To end, I want to draw your attention to the need to work together. You have indicated in many ways and we are using the terms now to push us forward to do that.
First of all, to really see health as a co-production and not to govern health in the way we used to in the medical paradigm. We can’t be too sectoral, hierarchical and curative refocus as we have been so far. And we can take a lot from the work we have done in Health in All Policies. And this has been just one of the documents we have produced recently to show Health in All Policies in relation to the Sustainable Development Goals. And you can see that Thailand’s National Health Assembly is one of the examples in this book.

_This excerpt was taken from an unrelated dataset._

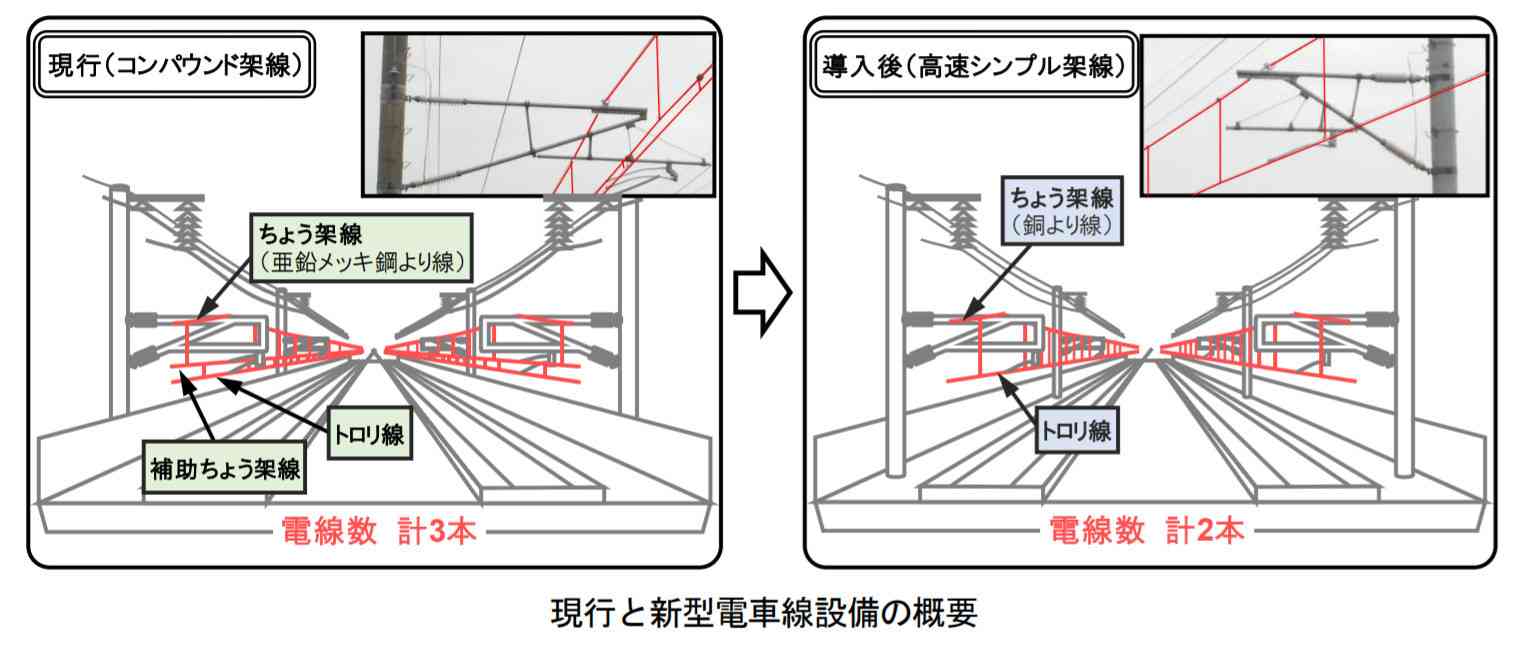 新幹線「すぐ止まる」恨み節も 駅で足止め、利用客うんざり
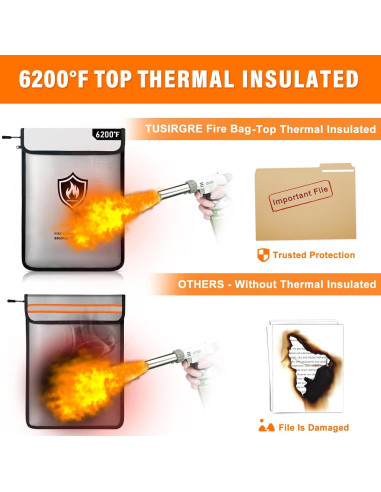 Bolsa Ignífuga Tusirgre 40x29 cm con Protección RFID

Health co-benefits, you also mentioned it. One of examples is an active urban transport policy that is co beneficial for different policy arena, environmental policy and health policy in this case. And co-benefit into the larger agenda which we are now called planetary health. And the traffic policy that we experienced in Bangkok yesterday is absolutely critical and need to move it forward.
We are talking about the new type of the connected health ecosystem. Not about the institution but the much more flexible way of the network that is working together and that is powered by people through shifting the balance of power.
Health is really our wealth but not only in the economic terms, but in terms of wellbeing. We must see health in its many dimensions. It is a precondition. It is an outcome. And it is an indicator of the sustainable society.
It should be a universal value and a share of social goal like the Sustainable Development Goals say we cannot leave no one behind. As I have said it must be a political objective for all of us. So, health becomes truly democratic and truly people powered. And I would like to thank you very much for your contribution to that. Thank you very much.